Hello I’m playing with ocamllex. Here’s an ocamllex file
{
type res = ENDOFFILE | OK
}
rule test = parse
['0' - '9']+
{ OK } |
[' ' '\t']+
{ OK } |
_
{OK} |
eof
{ENDOFFILE}
And the main file
let scan inp:string =
let lb = Lexing.from_string inp in
let rec run (s:string) =
match Lex.test lb with
ENDOFFILE -> s ^ "\nend" |
_ -> run (s ^ " \nfound something at " ^ string_of_int (Lexing.lexeme_start lb))
in
run "start\n"
let _ = print_endline (scan "42 24")
I ran ocamllex then I compiled the result with ocamlopt. The code works. I had to specify the module of the “test” function but not the ENDOFFILE value (the ugly name is choosen to be sure it is mine). Is it normal practise or some accident ?
This is called type-directed disambiguation (see OCaml - The core language).
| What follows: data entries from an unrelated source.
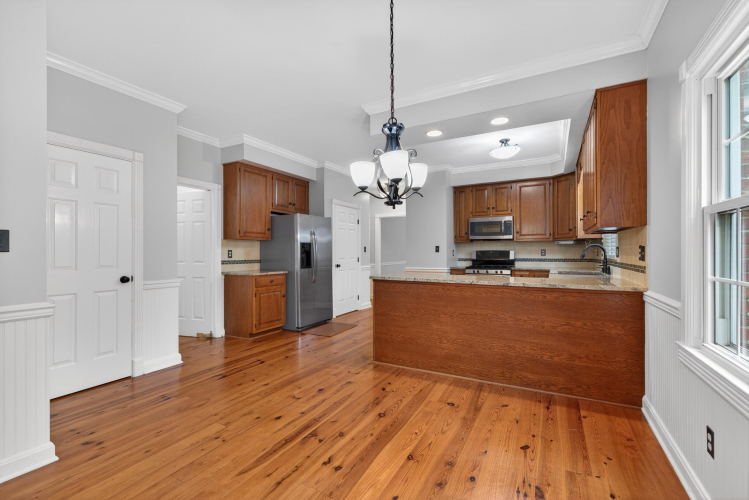 Listing Image 16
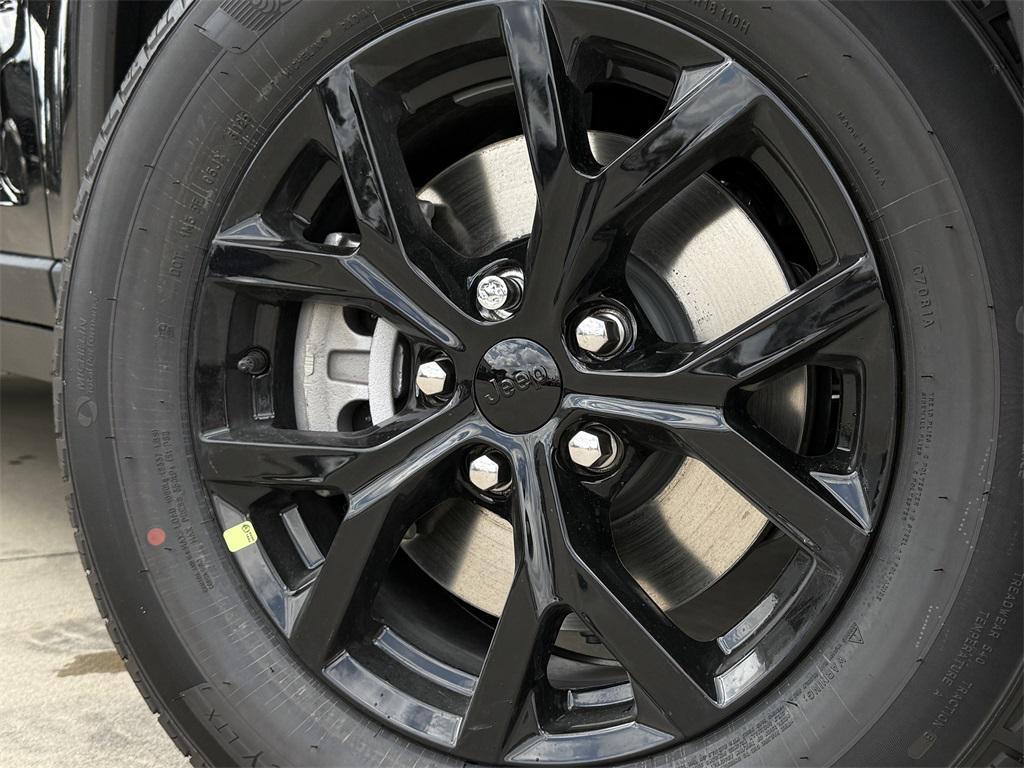 new 2025 Jeep Grand Cherokee L car, priced at $45,225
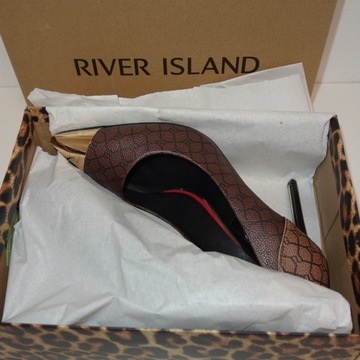 River Island czółenka na obcasie R.40 RI67N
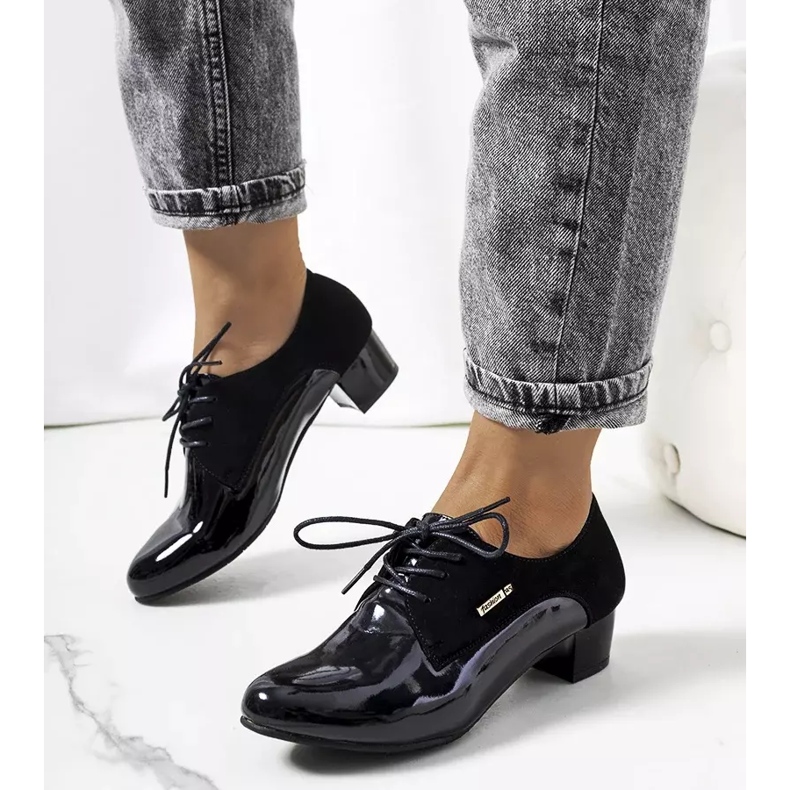 BM Brogues negre pe postarea Floore negru 1 BM Brogues negre pe postarea Floore negru 1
In contexts where the compiler has enough type information, it can use that information to look up constructor and record label names in the right scope, even if they are not prefixed with the module path where they are defined.
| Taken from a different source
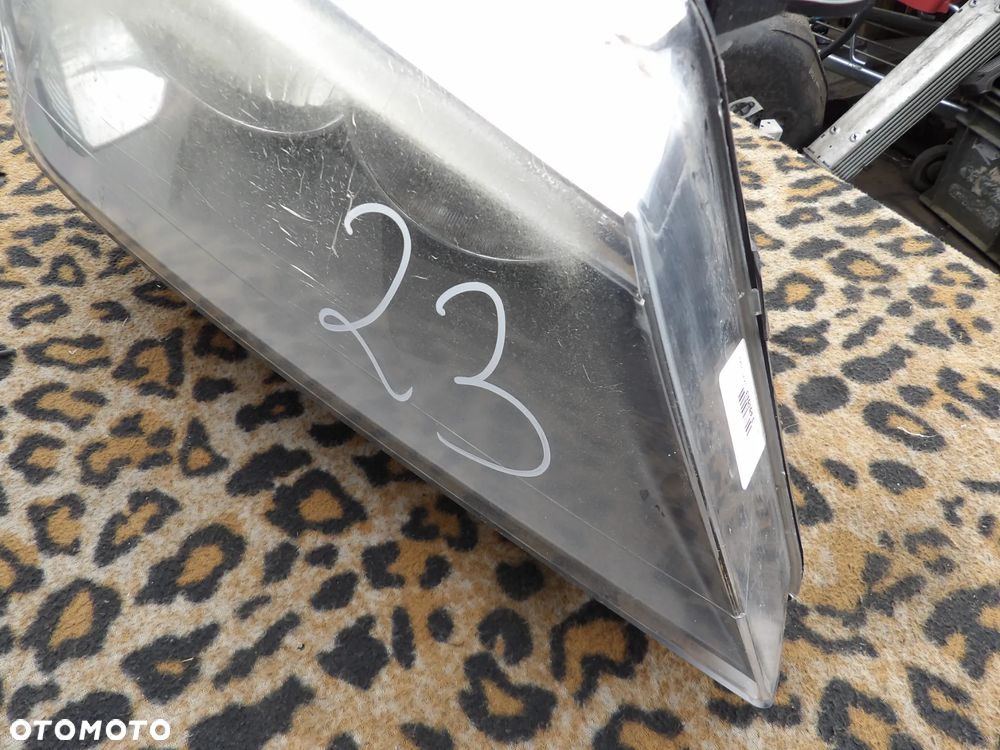 BMW - F25 - PRAWA LAMPA PRZEDNIA - H7 - USZKODZONE SZKŁO - UK - 3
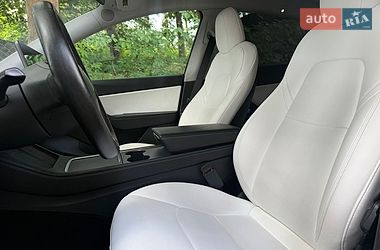 Внедорожник / Кроссовер Tesla Model Y 2021 в Львове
It is convenient and of rather normal usage, I would say.
Incidentally, I found it surprising that the pattern match is not used to infer the correct type in this example on the linked manual page:
let is_a_or_b x = match x with
| A -> true (* OCaml infers [x: last_variant] *)
| B -> true;;
Error: This variant pattern is expected to have type last_variant
There is no constructor B within type last_variant
Is this more complicated / less well defined to do than using usages of record fields to disambiguate?
type middle_record = { x:int; z:int }
type last_record = { x:int }
let f r = r.x + r.z
cannot infer that r should be middle_record, which surprised me (at least in utop). Naively, one would think that this should be simple to do. But I wouldn’t be surprised to learn that it cannot be made to work in a reasonably general way.